Matters have been made more complex still by the reality of 50,000 spare school places, which threatens the viability of many secondary schools – including some that are achieving good ‘value added’ results for the weakest pupils. There is also a recognised need – accepted by Sinn Fein and the DUP – to integrate schooling across the religious divide.

 

Amidst uncertainty, about 30 grammar schools (a mixture of state and state-funded ‘voluntary’ schools) have announced plans to set their own entrance exams from next year and have formed a company to administer the tests. One Catholic school – with the outspoken opposition of a bishop who is a trustee – says it will adopt its own intelligence-based test.

 

Ruane believed that she had found a compromise that would steer a solution through this quagmire. She proposed to the Executive a new test that would be adopted for three years, providing a limited intake to existing grammar schools. In 2010, under these proposals, up to 50% of admissions could be made by academic selection.
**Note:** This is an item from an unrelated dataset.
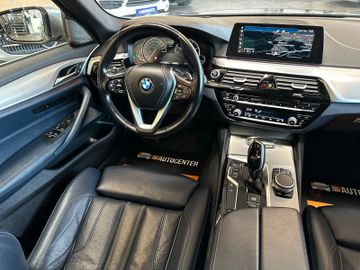 BMW 530 d xDrive Sport Line *LED*Pano*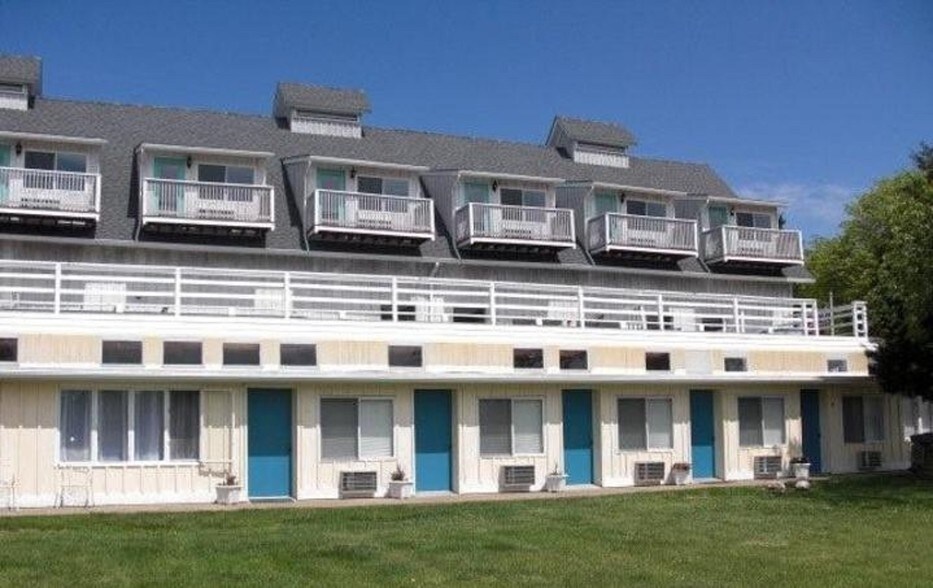 10 Prosser Trl, Charlestown, RI 02813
The next year this would fall to 30%, in 2012 it would fall to 20% and then be eliminated altogether from 2013.

 

Non-academic selection criteria would be based on parental choice, proximity, family connections and a ‘tie-breaker’ fallback, with a possible duty on all schools to select a minimum number of children entitled to free school meals. The Council for Curriculum Examination and Assessment (the examining body for Northern Ireland) has been instructed by Ruane to prepare an academic test, which she hoped all grammar schools would accept as part of the interim arrangements.

 

Alongside these reforms, Ruane wants to change the structure of post-primary schooling. This would involve more co-operation between schools and some children taking some lessons from different, specialist, schools. Key schooling choices would be made at age 14 under the minister’s plans, to fit GCSE preferences. Some children would move school at 14 and others would study academic lessons at one school and vocational training at another. Organisation of local post-primary schooling would operate through area-based planning, with poor quality school estate replaced under a £3bn modernisation programme. A new Education and Schools Authority would replace the regional board to provide sector leadership. But this whole package of reforms is now in limbo.

 

This has been a difficult move for me to make as I maintain entirely my opposition to assessment-based transfer at 11,” said Ruane, before presenting her case to the Executive. “However, I have in sight a system which has moved beyond academic selection and I am prepared to work with colleagues to make the steps necessary to realise that vision.”

 

But ministerial colleagues rejected the proposals, with unionists not prepared to see an end to academic selection whether phased or not. Ian Paisley – who steps down as first minister in the next few days – said: “The DUP position is that academic selection must remain as part of the transfer procedure. Schools must have the right to select pupils on the basis of their academic ability. The minister for education’s proposals, as currently framed, are totally unacceptable and do not form a basis for moving forward.”

 

Paisley added, in terms less friendly than Northern Ireland has become used to: “The Education Minister can make any suggestion she wants to – however it will not come into force unless she has the support of the DUP and the endorsement of the Executive.”

 

The stalemate remains, without any obvious resolution. In the mean time, about half the grammar schools intend to proceed with their own entrance exams, which Ruane ominously refers to as “a prospect fraught with administrative and litigious perils”. What it comes down to is that education has been the Northern Ireland Executive’s most challenging test so far – and, like most children who sit the 11 Plus, they risk being marked as failures.